Consider this: Apple’s iPhone 5S has a 64-bit mobile chip, and it has been on shelves for about a year. It’s very fast, but that hasn’t stopped Android phones from matching its performance with lowly 32-bit processors. Moral of the story: Faster processors are always on the way, 64-bit or not.
So, don’t be hoodwinked by the inevitable “64-bit” checkbox on the specs sheet. The move to ARMv8, 64-bit mobile processors is a very good thing, but not every 64-bit processor is faster than every 32-bit processor.
64-bit really needs Android L to shine
There’s one more piece to this puzzle: the operating system. If you buy a 64-bit phone with Android 4.4 KitKat on it, you won’t really unlock its potential until it gets an upgrade to Android L.
You see, to properly utilize ARM’s new 64-bit architecture, you’ll need both operating system and application support. Android L has been designed to fully support ARMv8 and 64-bit platforms, while KitKat has not. But what about apps? Do you need to wait for app developers to create special 64-bit-optimized versions of their apps?
Well, apps will get faster and more efficient when developers optimize for these new chips, but you may not have to wait to see benefits. On Android, most apps are based on Java. So when you download an Android app, you’re really grabbing a package of zipped-up code and libraries that the Android OS turns into a functional program that can be understood by your phone’s processor. This is called “compiling.”
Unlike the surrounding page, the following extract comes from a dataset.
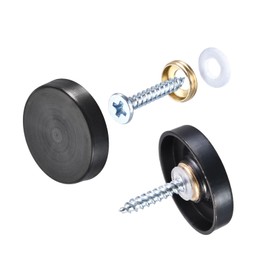 METALLIXITY Mirror Screws (25mm/0.98") 12Pcs, Decorative Cover Cap Nails Brushed - for Sign Advertising Hardware, Construction, Black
The compiler in Android L, known as ART, is made to produce code that’s optimized for the new ARM architecture. So, with Android L and a 64-bit processor in your phone or tablet, your apps could run faster without a developer lifting a finger to make special optimizations. And if they do make those optimizations, their apps could run even better.
By this time next year, we’ll have forgotten all about 64-bit
Marketing departments love the term 64-bit. Any time they can put a number twice as big on the box, they’re going to. You’re using a 32-bit phone now, so if you’re anything like the typical human, your emotional triggers will tell you a 64-bit phone is twice as fast. It’s why we see cameras crammed with more megapixels, and processors with more cores. More always equals better, right?
In this case, the marketing departments aren’t wrong, they’re just overstating the importance of 64-bit to the Android market. Yes, the new ARMv8 architecture—which brings 64-bit computing along for the ride—has a number of nice enhancements. And, yes, so does Android L, which is necessary to take advantage of the new architecture. But better processors and operating systems roll out every year. They’re never twice as good as last year’s, and these won’t be, either.
Within a year, nearly every hot new phone or tablet will contain a 64-bit-capable chip. Even the cheap ones. Android L will be everywhere, and we’ll already be pining for the next version of Android. 64-bit will no longer be a selling point worth calling out on marketing materials, and we’ll wonder why we ever made such a big deal about it in the first place.